At a job interview, there would certainly be a likelihood that visible tattoos would count against a possible candidate and there would be a similar interpretation for multiple piercings.
But attitudes towards body art have certainly shifted in recent years and government research has shown that while more than 59% of those aged 55 plus had a negative view of tattoos, this dropped to 21% among those aged from 18 to 24.
Just over a quarter of the British public have a tattoo and of these, 11% have at least one generally visible tattoo, whether this be on their head, face, neck, forearms, wrists or hands.
So should an employee still feel required to cover these up in the workplace? And where does an employer stand when it comes to their rights around tattoos?
Firstly, there is a no specific legislation that covers the area of tattoos within the context of employment law. The only exception to this is in cases where the content of the tattoo includes political or religious references which might cause offence.
An employer does of course have the right to set out a clear dress code for employees to follow, and this can include requirements for visible piercings to be removed or for legs and arms to be covered.
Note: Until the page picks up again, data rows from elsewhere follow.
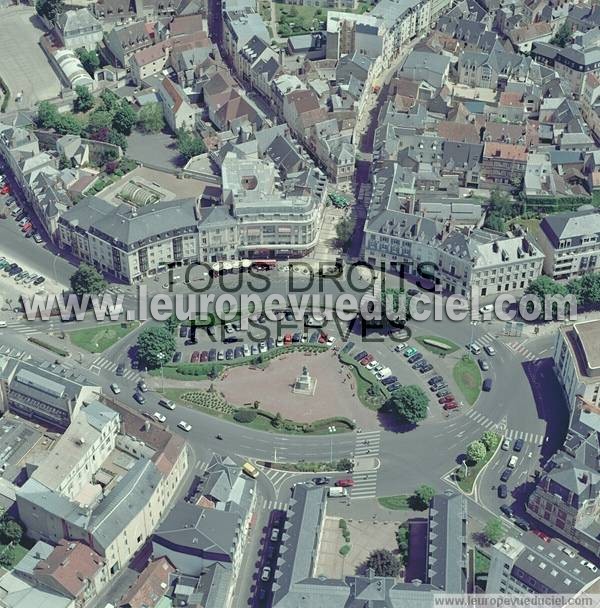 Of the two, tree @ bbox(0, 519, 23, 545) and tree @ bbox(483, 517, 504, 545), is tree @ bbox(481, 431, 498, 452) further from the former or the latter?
tree @ bbox(0, 519, 23, 545)

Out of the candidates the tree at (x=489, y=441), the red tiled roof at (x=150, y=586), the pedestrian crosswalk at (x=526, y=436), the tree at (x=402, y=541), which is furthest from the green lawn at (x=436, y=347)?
the red tiled roof at (x=150, y=586)

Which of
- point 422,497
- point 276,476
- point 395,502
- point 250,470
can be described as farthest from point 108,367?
point 422,497

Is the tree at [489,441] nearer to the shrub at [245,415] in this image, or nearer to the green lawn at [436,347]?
the green lawn at [436,347]

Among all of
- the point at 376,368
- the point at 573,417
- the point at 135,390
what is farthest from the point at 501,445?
the point at 135,390

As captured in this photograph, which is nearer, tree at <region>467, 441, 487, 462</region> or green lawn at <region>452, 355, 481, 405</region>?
tree at <region>467, 441, 487, 462</region>

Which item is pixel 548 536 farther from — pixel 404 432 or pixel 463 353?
pixel 463 353

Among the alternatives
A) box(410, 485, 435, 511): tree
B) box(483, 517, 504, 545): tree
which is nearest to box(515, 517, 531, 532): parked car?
box(483, 517, 504, 545): tree

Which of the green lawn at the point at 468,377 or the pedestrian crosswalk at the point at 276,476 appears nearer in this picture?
the pedestrian crosswalk at the point at 276,476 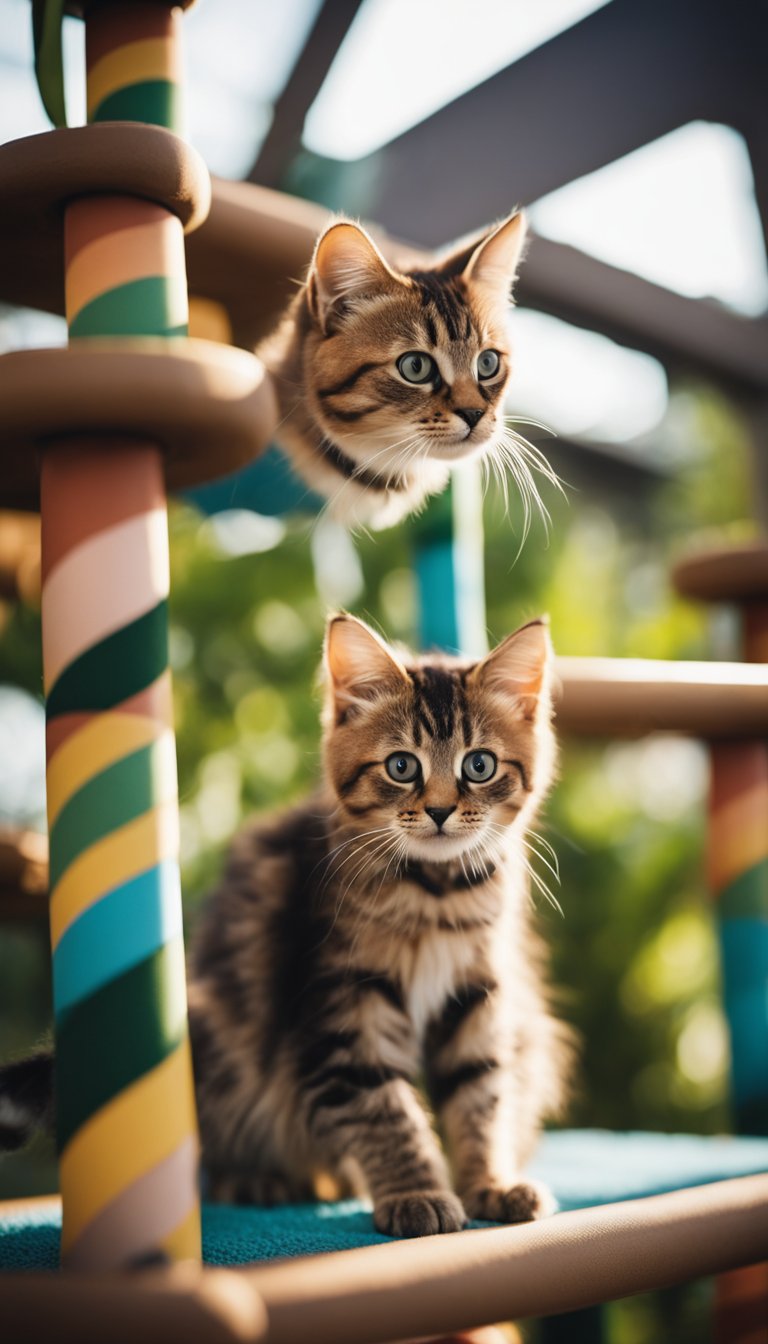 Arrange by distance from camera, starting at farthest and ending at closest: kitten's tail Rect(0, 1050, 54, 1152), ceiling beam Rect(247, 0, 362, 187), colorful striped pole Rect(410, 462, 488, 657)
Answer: ceiling beam Rect(247, 0, 362, 187), colorful striped pole Rect(410, 462, 488, 657), kitten's tail Rect(0, 1050, 54, 1152)

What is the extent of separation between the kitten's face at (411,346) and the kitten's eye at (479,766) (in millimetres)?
245

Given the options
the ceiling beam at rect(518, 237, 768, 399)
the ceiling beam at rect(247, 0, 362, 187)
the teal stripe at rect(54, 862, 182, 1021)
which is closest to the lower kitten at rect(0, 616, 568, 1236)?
the teal stripe at rect(54, 862, 182, 1021)

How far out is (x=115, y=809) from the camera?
67 centimetres

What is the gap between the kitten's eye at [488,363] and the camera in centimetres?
93

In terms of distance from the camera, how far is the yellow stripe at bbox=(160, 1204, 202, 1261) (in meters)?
0.63

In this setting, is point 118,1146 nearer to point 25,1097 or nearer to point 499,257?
point 25,1097

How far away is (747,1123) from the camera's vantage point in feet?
4.08

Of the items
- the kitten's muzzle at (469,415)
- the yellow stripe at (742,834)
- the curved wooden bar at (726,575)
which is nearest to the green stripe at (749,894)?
the yellow stripe at (742,834)

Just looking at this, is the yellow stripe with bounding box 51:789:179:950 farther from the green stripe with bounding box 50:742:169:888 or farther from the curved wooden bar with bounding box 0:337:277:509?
the curved wooden bar with bounding box 0:337:277:509

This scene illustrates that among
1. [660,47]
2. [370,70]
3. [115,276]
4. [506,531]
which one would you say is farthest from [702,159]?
[115,276]

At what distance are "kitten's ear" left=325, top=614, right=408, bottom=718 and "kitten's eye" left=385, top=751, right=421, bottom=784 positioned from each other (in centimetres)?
6

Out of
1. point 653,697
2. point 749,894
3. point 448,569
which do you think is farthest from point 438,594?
point 749,894

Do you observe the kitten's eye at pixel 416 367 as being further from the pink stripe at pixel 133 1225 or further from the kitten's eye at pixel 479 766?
the pink stripe at pixel 133 1225

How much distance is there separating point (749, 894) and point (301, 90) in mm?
1286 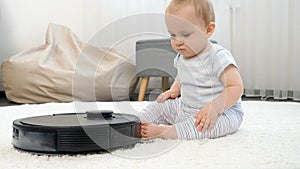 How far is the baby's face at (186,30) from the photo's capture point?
1003mm

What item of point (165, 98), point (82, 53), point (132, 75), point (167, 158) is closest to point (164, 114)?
point (165, 98)

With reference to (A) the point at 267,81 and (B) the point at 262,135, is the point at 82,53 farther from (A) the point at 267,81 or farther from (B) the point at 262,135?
(B) the point at 262,135

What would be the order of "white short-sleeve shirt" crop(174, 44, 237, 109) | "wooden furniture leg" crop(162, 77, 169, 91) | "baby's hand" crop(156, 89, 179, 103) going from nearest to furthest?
"white short-sleeve shirt" crop(174, 44, 237, 109) < "baby's hand" crop(156, 89, 179, 103) < "wooden furniture leg" crop(162, 77, 169, 91)

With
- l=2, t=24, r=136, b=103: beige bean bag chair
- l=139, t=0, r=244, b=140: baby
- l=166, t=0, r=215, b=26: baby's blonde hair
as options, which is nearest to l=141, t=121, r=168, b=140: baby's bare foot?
l=139, t=0, r=244, b=140: baby

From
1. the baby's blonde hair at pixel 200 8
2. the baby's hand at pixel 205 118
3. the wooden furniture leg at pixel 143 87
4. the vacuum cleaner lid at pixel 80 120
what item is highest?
the baby's blonde hair at pixel 200 8

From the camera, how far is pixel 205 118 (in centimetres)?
101

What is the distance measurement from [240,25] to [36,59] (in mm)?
1106

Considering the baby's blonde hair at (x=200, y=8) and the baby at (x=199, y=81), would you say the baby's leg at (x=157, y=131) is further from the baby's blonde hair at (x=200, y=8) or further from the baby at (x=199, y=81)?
the baby's blonde hair at (x=200, y=8)

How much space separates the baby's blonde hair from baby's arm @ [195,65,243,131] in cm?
12

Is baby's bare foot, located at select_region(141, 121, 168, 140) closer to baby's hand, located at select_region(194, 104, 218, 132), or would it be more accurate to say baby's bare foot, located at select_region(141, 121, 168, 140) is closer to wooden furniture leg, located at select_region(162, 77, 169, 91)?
baby's hand, located at select_region(194, 104, 218, 132)

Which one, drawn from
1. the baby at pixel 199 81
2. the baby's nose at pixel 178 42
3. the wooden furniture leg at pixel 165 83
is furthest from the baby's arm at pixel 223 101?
the wooden furniture leg at pixel 165 83

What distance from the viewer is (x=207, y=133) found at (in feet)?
3.30

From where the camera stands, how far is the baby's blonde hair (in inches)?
40.1

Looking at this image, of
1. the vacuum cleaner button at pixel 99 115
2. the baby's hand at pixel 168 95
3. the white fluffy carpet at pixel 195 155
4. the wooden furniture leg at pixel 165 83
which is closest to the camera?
the white fluffy carpet at pixel 195 155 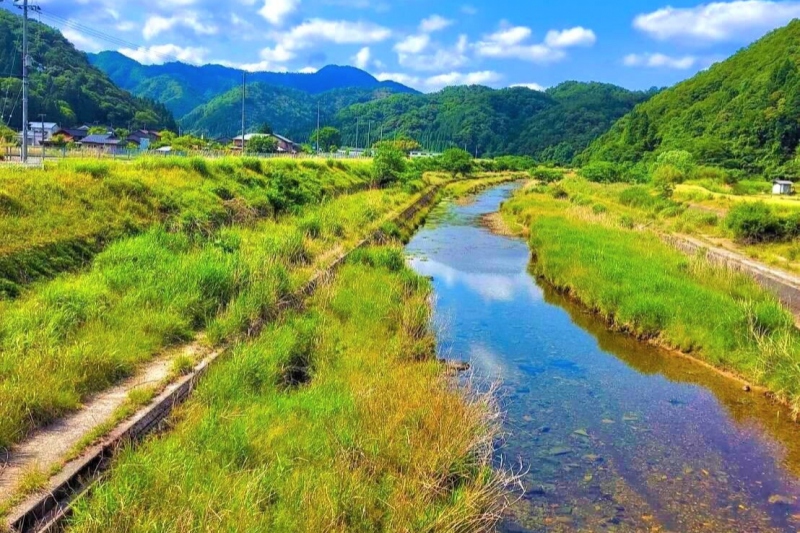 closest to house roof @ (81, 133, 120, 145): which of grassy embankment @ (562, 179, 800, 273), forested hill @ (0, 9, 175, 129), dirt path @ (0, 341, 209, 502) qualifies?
forested hill @ (0, 9, 175, 129)

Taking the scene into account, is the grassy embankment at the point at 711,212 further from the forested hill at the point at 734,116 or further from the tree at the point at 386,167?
the tree at the point at 386,167

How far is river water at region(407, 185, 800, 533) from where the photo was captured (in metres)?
6.43

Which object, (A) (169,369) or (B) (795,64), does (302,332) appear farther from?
(B) (795,64)

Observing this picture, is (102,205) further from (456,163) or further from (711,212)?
(456,163)

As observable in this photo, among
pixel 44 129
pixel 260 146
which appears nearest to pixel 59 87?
pixel 44 129

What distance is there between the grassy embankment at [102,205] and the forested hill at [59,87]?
75839 mm

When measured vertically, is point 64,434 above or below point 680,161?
below

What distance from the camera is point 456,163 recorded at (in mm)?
88562

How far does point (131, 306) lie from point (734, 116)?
277ft

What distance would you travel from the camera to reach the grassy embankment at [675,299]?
33.4 feet

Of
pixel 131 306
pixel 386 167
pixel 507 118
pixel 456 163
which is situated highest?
pixel 507 118

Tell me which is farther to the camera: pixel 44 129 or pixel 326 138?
pixel 326 138

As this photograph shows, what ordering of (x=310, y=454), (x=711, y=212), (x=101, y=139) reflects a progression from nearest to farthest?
(x=310, y=454)
(x=711, y=212)
(x=101, y=139)

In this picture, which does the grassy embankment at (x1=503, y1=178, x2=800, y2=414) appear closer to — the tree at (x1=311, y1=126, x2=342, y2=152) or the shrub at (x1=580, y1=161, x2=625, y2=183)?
the shrub at (x1=580, y1=161, x2=625, y2=183) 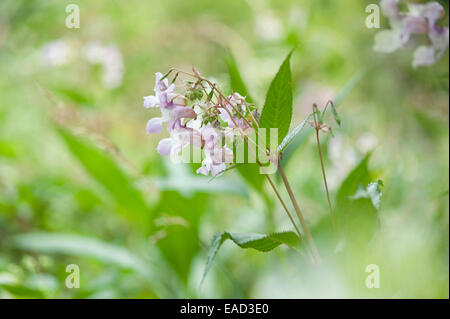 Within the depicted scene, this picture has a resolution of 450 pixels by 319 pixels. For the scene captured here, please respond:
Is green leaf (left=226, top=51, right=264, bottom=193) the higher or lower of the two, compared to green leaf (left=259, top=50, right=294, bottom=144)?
higher

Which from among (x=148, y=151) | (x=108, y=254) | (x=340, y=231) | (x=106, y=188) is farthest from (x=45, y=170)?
(x=340, y=231)

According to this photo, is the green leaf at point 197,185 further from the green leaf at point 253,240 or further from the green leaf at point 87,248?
the green leaf at point 253,240

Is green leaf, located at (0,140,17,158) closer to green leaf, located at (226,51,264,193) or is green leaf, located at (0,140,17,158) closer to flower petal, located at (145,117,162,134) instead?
green leaf, located at (226,51,264,193)

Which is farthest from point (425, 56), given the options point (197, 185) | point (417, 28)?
point (197, 185)

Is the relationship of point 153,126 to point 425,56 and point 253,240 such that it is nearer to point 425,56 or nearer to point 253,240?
point 253,240

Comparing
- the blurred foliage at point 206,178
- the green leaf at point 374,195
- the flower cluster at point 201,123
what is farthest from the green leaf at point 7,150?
the green leaf at point 374,195

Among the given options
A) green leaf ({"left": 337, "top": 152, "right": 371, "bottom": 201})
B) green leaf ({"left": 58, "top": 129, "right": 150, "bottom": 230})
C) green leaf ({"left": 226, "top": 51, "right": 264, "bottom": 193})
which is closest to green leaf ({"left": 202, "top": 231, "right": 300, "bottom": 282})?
green leaf ({"left": 337, "top": 152, "right": 371, "bottom": 201})
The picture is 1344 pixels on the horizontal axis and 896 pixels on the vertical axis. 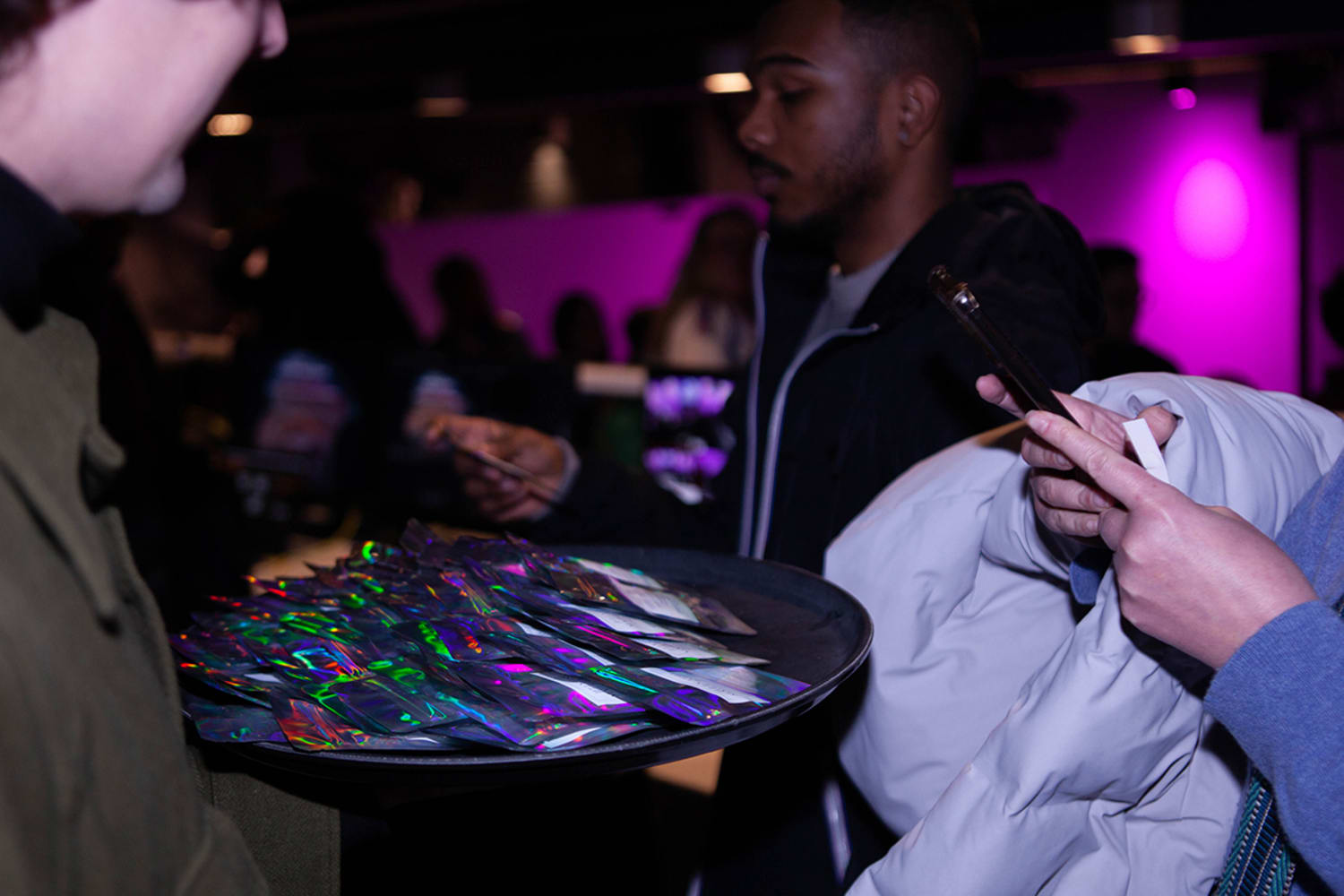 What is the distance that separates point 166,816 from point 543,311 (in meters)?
8.14

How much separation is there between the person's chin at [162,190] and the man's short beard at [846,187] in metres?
1.04

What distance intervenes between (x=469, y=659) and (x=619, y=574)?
231 millimetres

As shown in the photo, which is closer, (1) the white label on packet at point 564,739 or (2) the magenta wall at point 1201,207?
(1) the white label on packet at point 564,739

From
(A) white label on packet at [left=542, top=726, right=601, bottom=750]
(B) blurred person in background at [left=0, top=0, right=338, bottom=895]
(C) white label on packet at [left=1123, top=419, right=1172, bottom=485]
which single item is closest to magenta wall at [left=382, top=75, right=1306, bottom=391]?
(C) white label on packet at [left=1123, top=419, right=1172, bottom=485]

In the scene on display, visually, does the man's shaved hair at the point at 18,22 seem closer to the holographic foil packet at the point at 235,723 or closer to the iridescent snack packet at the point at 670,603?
the holographic foil packet at the point at 235,723

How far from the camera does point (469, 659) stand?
2.82 feet

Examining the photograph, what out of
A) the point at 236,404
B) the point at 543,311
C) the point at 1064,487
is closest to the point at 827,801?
the point at 1064,487

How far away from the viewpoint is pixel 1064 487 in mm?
925

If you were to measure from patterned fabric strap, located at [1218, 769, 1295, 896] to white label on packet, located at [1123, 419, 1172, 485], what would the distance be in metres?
0.25

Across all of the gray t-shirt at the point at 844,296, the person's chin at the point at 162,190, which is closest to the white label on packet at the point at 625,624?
the person's chin at the point at 162,190

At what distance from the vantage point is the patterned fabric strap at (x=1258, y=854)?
2.66 ft

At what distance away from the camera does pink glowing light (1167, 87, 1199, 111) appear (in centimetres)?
466

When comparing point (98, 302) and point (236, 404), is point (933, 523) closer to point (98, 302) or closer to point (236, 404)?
point (98, 302)

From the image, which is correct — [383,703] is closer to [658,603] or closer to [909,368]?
[658,603] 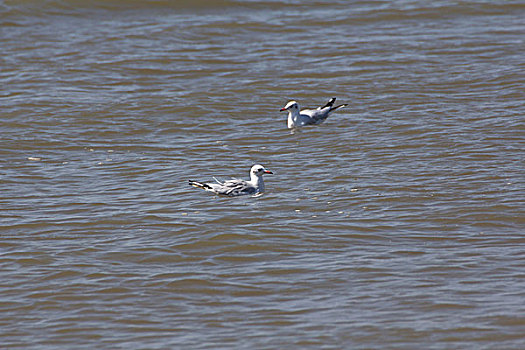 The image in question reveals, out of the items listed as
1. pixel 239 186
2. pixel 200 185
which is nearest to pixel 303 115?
pixel 239 186

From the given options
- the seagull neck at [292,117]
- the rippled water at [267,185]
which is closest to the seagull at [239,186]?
the rippled water at [267,185]

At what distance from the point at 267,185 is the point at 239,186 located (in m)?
0.61

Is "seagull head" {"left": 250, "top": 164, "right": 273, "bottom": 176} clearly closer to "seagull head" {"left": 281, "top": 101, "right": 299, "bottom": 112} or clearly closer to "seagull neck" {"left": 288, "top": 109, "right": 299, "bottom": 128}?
"seagull neck" {"left": 288, "top": 109, "right": 299, "bottom": 128}

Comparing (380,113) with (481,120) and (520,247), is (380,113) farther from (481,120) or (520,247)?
(520,247)

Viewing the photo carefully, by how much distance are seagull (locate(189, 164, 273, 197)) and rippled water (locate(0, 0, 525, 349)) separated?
0.18 meters

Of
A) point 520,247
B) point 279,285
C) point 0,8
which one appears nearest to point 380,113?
point 520,247

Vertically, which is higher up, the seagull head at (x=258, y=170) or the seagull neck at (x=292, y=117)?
the seagull neck at (x=292, y=117)

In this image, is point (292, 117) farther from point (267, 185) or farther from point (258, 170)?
point (258, 170)

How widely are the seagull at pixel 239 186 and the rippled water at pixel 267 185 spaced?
18 cm

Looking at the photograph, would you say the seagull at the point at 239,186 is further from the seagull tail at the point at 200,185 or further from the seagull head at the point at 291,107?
the seagull head at the point at 291,107

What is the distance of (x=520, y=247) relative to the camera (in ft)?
29.9

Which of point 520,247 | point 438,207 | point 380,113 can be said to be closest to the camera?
point 520,247

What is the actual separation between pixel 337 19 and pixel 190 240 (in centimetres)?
1433

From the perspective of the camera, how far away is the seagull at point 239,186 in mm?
11438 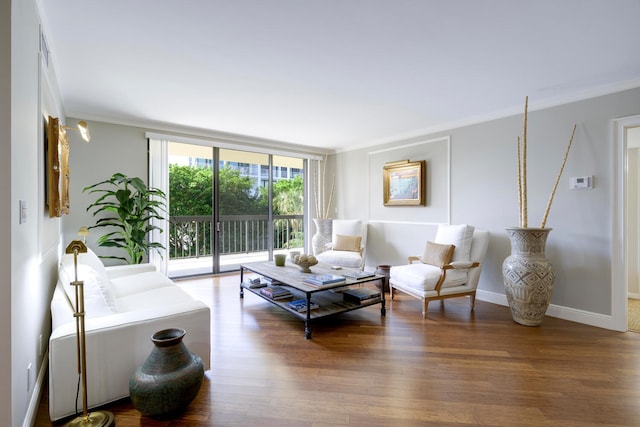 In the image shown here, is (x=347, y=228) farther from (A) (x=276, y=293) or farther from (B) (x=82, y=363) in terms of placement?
(B) (x=82, y=363)

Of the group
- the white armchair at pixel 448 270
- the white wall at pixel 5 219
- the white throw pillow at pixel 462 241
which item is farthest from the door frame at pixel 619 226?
the white wall at pixel 5 219

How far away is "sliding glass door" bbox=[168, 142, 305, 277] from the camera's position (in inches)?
191

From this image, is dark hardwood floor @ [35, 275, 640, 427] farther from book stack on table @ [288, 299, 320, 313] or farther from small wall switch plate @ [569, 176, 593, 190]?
small wall switch plate @ [569, 176, 593, 190]

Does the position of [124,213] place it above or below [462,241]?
above

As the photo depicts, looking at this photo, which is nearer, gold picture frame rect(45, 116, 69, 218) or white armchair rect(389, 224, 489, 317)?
gold picture frame rect(45, 116, 69, 218)

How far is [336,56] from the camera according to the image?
237 centimetres

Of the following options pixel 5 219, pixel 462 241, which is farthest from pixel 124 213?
pixel 462 241

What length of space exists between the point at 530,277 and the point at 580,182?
113cm

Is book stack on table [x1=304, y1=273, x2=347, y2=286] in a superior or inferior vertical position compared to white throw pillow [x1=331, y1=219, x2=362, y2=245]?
inferior

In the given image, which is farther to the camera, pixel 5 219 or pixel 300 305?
pixel 300 305

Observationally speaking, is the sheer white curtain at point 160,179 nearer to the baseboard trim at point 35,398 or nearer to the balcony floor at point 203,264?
the balcony floor at point 203,264

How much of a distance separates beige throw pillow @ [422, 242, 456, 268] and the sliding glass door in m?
2.95

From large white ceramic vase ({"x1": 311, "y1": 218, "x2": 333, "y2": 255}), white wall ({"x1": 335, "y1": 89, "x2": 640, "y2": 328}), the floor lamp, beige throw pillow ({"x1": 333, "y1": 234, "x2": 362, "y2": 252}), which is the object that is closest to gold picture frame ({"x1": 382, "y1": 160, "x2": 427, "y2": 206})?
white wall ({"x1": 335, "y1": 89, "x2": 640, "y2": 328})

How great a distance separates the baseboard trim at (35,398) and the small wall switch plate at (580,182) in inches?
180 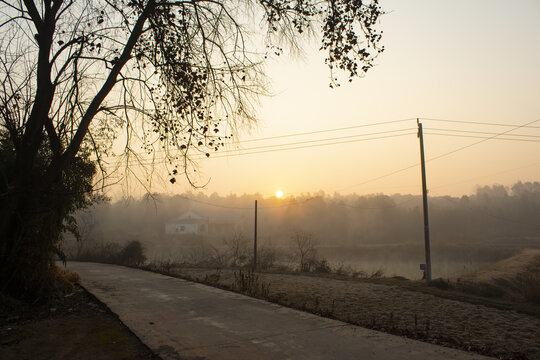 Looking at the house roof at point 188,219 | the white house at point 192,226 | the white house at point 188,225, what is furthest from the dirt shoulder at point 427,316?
the house roof at point 188,219

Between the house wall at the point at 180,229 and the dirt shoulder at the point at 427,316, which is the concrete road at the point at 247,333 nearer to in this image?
the dirt shoulder at the point at 427,316

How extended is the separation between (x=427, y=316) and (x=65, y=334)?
618 centimetres

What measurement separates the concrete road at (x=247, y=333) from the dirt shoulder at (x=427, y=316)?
1.92ft

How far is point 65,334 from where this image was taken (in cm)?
499

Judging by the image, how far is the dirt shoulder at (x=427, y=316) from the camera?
16.4ft

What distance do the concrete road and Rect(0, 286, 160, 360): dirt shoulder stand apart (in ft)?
0.64

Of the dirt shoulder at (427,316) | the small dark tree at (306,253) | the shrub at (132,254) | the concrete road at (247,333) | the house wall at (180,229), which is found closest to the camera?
the concrete road at (247,333)

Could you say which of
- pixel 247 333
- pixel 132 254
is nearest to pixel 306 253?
pixel 132 254

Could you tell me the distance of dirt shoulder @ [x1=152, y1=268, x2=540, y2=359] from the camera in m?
5.01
However, don’t forget to consider that as employer there might also be a responsibility to over a more casual summer dress code in warmer weather and there is the possibility that this might change the visibility of an employee’s tattoo.
While an employee should be mindful to consider what is appropriate in their work setting, throughout the interview process, an employer must keep in mind that having a tattoo has no direct impact on a candidate’s ability to do their job.
What is most important is for an employer to remain transparent, fair and consistent with clear policies around these issues of staffing. If there are concerns that need to be raised and an understanding of what parameters are required, then these are conversations that should be had at the interview stage of the recruitment process.
If it’s an existing employee who adds body art or piercings to their appearance which contradicts an existing dress code, that becomes an issue to be addressed. Of course, in that scenario having a relevant and up to date dress code policy overseen by a qualified HR professional is essential for protecting the employer in the best possible way.